In the context of fuzzy reliability, in previous years many researchers elaborated the studies of fuzzy reliability by using various fuzzy like simple fuzzy, intuitionistic fuzzy, bifuzzy and hesitant fuzzy with membership and non-membership of possible degree functions. Sharma et al. (2012) computed the fuzzy reliability of the different system using intuitionistic fuzzy set. They implement the intuitionistic triangular fuzzy number and its arithmetic operations. Jamkhaneh (2014) evaluated the fuzzy reliability with help of Weibull distribution and fuzzy triangular number. The author investigated fuzzy reliability and mean time to failure series and parallel system. Kumar and Singh (2014) determined the fuzzy reliability of the network system using rough intuitionistic fuzzy set and discussed the different fuzzy reliability of the various environment systems. Kumar and Singh (2015) investigated the fuzzy reliability of series, parallel, series-parallel and parallel-series system from intuitionistic fuzzy using Weibull lifetime distribution.

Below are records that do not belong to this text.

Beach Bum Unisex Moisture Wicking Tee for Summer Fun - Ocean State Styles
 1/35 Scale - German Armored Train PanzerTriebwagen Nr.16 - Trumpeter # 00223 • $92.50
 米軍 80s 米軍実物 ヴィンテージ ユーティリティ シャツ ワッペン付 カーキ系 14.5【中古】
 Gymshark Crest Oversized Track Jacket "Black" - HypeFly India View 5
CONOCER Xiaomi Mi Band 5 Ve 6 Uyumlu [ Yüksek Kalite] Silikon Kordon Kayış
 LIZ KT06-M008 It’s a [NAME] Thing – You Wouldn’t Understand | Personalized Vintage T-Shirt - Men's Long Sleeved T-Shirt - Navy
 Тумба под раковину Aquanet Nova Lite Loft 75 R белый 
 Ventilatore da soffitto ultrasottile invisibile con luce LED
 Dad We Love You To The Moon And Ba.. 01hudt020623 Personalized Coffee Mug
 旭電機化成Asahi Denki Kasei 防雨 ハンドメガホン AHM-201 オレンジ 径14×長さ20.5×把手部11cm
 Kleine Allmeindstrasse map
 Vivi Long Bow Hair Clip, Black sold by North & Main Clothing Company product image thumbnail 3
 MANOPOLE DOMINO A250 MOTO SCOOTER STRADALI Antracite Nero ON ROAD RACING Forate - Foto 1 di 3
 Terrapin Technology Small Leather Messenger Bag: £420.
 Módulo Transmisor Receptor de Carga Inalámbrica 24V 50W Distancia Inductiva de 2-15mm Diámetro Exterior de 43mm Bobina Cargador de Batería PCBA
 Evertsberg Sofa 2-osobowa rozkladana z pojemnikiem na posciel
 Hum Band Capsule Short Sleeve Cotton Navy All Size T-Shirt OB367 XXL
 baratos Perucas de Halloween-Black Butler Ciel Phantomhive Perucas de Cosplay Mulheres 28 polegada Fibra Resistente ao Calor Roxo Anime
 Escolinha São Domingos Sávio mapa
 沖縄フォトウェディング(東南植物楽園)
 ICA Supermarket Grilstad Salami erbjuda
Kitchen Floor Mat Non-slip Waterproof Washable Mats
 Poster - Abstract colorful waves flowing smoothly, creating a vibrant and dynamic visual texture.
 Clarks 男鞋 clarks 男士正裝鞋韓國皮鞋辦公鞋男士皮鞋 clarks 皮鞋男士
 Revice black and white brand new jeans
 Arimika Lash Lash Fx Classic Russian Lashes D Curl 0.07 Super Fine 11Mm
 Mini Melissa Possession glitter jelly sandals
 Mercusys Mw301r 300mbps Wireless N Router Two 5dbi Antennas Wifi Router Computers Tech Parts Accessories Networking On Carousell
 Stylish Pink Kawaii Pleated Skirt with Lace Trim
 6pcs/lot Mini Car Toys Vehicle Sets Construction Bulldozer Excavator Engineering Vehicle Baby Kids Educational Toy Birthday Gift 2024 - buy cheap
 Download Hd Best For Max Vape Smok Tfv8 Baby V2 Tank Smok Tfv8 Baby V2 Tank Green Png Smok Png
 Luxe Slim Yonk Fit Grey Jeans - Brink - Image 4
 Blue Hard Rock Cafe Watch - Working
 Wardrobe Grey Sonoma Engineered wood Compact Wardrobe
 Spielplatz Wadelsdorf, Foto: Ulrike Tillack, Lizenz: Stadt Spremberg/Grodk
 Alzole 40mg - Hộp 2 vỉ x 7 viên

They evaluated the reliability function with the help of the membership and non-membership degree of triangular fuzzy numbers. Chaube and Singh (2016a, 2016b) evaluated the fuzzy reliability of various systems such as two states weighted k-out-of-n system and complex system from generalized minimal cuts and minimal paths. Kumar et al. (2016, 2017) determine the fuzzy reliability of different systems from using intuitionistic and hesitant fuzzy set. They discussed the membership function in case of hesitant fuzzy number and in case of intuitionistic fuzzy set both find membership and non-membership functions.